ABOUT THIS EXERCISE: Which lines in the data below contain the word "left"? Return each of them.

Brief descriptive captions:
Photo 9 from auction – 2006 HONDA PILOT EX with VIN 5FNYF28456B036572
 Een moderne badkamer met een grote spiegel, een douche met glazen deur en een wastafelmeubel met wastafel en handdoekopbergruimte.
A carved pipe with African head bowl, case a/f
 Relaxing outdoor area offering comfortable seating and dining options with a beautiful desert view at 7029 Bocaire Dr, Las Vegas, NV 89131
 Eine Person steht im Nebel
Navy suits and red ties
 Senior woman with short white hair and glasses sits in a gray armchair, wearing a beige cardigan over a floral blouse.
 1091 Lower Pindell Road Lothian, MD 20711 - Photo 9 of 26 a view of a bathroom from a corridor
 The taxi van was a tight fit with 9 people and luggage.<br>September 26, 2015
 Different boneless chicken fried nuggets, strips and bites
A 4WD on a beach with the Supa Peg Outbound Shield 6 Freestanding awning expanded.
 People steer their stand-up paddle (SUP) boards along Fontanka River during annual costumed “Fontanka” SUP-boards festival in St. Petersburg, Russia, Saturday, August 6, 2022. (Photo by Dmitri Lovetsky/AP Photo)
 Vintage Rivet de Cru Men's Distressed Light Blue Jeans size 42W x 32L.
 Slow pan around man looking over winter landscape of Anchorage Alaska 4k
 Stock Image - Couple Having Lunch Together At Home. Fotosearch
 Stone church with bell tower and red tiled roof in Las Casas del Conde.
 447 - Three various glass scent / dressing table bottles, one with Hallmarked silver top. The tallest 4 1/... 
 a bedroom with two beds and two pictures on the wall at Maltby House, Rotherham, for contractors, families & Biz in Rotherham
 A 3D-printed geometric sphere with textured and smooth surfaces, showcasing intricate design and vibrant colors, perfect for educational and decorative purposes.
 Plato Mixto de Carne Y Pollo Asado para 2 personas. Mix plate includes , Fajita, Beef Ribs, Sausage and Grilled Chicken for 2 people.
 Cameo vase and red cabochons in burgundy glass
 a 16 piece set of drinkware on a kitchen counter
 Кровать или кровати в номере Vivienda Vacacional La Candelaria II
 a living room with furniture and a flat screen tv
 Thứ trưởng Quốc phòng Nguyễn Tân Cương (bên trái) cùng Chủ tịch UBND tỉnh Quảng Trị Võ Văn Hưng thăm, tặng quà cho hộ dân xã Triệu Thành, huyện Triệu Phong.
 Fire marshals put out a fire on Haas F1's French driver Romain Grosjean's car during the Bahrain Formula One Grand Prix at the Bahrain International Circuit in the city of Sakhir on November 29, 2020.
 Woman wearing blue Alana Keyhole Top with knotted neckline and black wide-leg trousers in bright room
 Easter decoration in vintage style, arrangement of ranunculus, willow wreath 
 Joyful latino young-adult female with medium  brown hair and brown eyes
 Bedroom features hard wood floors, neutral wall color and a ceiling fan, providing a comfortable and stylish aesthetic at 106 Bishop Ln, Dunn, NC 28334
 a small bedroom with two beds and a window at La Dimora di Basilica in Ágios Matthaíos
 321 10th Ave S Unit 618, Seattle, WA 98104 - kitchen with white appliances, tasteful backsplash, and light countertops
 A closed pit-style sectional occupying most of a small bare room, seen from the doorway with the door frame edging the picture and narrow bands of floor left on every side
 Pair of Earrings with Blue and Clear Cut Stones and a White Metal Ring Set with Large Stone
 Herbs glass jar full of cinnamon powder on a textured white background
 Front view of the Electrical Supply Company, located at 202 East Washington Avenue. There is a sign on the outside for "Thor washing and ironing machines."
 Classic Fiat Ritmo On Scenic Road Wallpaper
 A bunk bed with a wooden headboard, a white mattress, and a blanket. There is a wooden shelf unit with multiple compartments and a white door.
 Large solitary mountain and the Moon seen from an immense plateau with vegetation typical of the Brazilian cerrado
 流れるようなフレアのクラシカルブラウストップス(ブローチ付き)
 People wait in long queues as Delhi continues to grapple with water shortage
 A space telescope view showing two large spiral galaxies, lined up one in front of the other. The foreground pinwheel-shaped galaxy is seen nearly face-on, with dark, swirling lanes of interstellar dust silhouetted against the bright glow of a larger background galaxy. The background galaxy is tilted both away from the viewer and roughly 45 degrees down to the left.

REPLY TO THE EXERCISE:
 A closed pit-style sectional occupying most of a small bare room, seen from the doorway with the door frame edging the picture and narrow bands of floor left on every side
 A space telescope view showing two large spiral galaxies, lined up one in front of the other. The foreground pinwheel-shaped galaxy is seen nearly face-on, with dark, swirling lanes of interstellar dust silhouetted against the bright glow of a larger background galaxy. The background galaxy is tilted both away from the viewer and roughly 45 degrees down to the left.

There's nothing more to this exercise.